(Data records)

------------------------------------

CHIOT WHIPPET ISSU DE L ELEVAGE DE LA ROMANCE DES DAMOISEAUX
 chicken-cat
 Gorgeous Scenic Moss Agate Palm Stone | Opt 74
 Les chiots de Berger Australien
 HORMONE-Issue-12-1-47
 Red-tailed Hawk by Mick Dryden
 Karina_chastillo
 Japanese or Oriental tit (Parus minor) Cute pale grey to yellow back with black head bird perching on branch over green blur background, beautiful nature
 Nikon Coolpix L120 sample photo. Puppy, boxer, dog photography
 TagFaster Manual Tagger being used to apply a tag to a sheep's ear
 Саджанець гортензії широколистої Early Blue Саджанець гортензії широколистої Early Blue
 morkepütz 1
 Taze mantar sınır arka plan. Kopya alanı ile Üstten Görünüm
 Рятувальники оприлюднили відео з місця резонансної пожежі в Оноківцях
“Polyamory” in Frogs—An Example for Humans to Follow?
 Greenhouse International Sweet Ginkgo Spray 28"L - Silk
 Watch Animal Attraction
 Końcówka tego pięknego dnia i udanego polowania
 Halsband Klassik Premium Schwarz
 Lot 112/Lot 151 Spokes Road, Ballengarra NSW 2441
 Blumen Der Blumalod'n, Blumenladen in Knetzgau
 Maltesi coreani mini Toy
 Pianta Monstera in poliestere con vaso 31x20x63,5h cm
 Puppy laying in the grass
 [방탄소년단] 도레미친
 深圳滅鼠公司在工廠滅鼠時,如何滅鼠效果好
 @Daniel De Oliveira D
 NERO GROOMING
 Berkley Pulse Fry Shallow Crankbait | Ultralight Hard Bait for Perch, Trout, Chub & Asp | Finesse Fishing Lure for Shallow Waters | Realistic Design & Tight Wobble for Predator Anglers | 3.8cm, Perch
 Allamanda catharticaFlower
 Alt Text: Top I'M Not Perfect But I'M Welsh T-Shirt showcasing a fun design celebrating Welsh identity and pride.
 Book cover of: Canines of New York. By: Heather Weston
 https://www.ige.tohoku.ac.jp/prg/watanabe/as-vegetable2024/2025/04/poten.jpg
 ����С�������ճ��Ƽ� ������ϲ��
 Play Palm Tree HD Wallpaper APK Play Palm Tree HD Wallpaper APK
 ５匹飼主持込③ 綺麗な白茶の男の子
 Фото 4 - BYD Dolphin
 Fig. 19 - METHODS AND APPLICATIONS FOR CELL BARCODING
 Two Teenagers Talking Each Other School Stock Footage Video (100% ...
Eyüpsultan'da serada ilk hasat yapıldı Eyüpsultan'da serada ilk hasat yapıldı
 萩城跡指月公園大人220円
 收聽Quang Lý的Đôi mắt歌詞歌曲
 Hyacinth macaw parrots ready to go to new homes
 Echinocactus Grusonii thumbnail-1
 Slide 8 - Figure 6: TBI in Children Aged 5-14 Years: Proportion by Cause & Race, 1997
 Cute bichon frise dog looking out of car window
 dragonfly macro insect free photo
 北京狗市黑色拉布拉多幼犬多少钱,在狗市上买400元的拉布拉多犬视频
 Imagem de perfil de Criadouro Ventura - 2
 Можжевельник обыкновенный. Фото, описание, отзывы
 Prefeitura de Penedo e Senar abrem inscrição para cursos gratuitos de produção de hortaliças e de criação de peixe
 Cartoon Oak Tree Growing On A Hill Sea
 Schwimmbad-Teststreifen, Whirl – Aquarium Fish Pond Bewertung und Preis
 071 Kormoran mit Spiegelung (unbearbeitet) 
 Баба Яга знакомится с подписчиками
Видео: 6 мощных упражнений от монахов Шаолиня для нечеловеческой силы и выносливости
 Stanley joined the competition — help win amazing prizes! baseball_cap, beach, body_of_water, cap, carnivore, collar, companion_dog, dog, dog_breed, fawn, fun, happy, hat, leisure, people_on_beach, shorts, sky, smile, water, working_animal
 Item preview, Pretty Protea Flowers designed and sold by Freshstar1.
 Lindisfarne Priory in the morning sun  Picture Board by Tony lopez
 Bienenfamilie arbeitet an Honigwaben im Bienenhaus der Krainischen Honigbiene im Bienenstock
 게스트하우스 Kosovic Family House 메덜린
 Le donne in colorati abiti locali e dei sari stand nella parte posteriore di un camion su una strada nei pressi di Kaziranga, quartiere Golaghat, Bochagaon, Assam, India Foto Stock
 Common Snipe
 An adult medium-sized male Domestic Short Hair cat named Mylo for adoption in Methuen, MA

------------------------------------

**Work request**
Lines holding the string "Puppy" in the records: how many are there? Give only the number.

**Solution for this exercise**
2